Artem-B commented 1 year ago

Clang built from recent sources appears to compile the file above w/o problems for me.

if you could provide the exact clang --version Please do provide the version.

cuchio commented 1 year ago

Version installed is:

Ubuntu clang version 17.0.1 (++20230919093346+e19b7dc36bc0-1~exp1~20230919093406.44) Target: x86_64-pc-linux-gnu Thread model: posix InstalledDir: /usr/bin

I am currently checking all the required packages for llvm 17. I think some are not installed.
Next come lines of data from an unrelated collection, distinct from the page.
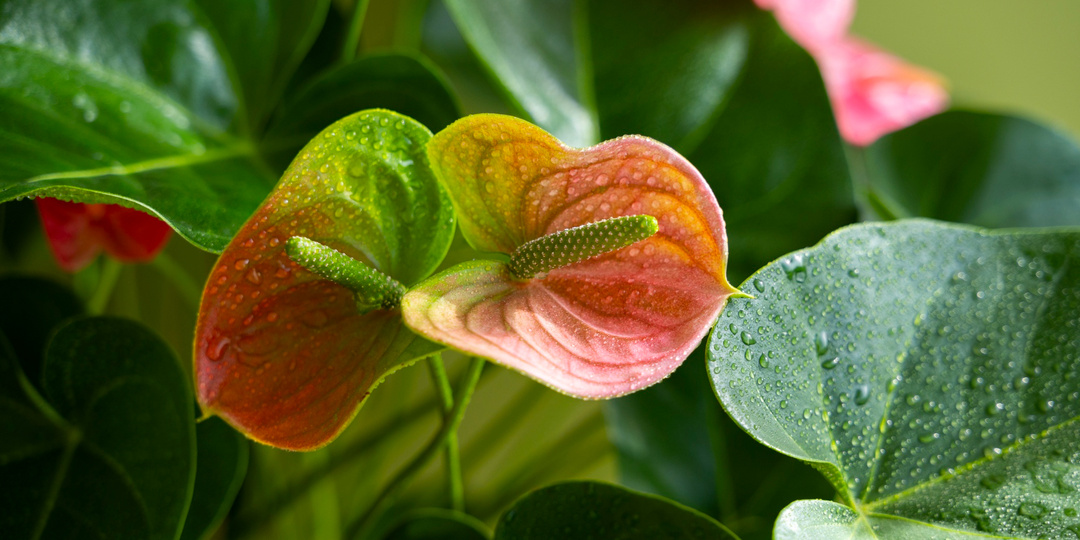 Ароидные по правилам: как выбрать грунт, удобрения и режим ухода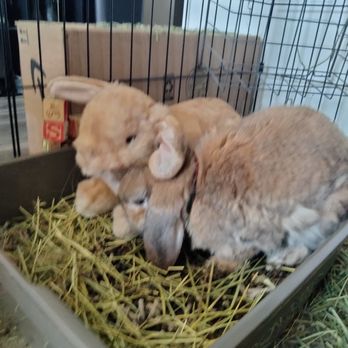 Cuddle Clones - Noodle Bug and his cuddle clone - Pet Stores Near Me - Akron, Ohio Cuddle Clones - Noodle Bug and his cuddle clone - Pet Stores Near Me - Akron, Ohio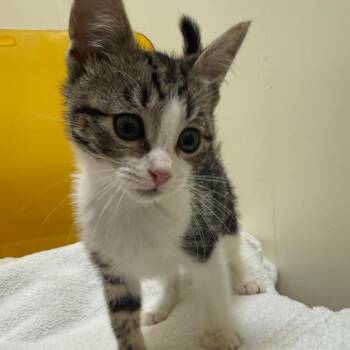 Jazzy -  Domestic Short Hair Cat for Adoption in Tulsa, Oklahoma - Jazzy | PetCurious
What I have installed is the packages listed on the llvm site.

1) All required packages

apt-get install clang-format clang-tidy clang-tools clang clangd libc++-dev libc++1 libc++abi-dev libc++abi1 libclang-dev libclang1 liblldb-dev libllvm-ocaml-dev libomp-dev libomp5 lld lldb llvm-dev llvm-runtime llvm python3-clang

with lldb left uninstalled due to error

lldb-18 : Depends: python3-lldb-18 but it is not installable

2) llvm 17.

apt-get install clang-17 lldb-17 lld-17 apt-get install libllvm-17-ocaml-dev libllvm17 llvm-17 llvm-17-dev llvm-17-doc llvm-17-examples llvm-17-runtime apt-get install clang-17 clang-tools-17 clang-17-doc libclang-common-17-dev libclang-17-dev libclang1-17 clang-format-17 python3-clang-17

These installed some new packages as well as updated other packages.

Will do and re-run build shortly.

cuchio commented 1 year ago

No Luck, error files attached.

code_generator-9a7c14.sh.txt code_generator-9a7c14.cpp.txt

Endilll commented 1 year ago

I tried both preprocessed sources with Clang 17.0.1 with assertions enabled, but both compiled just fine for me.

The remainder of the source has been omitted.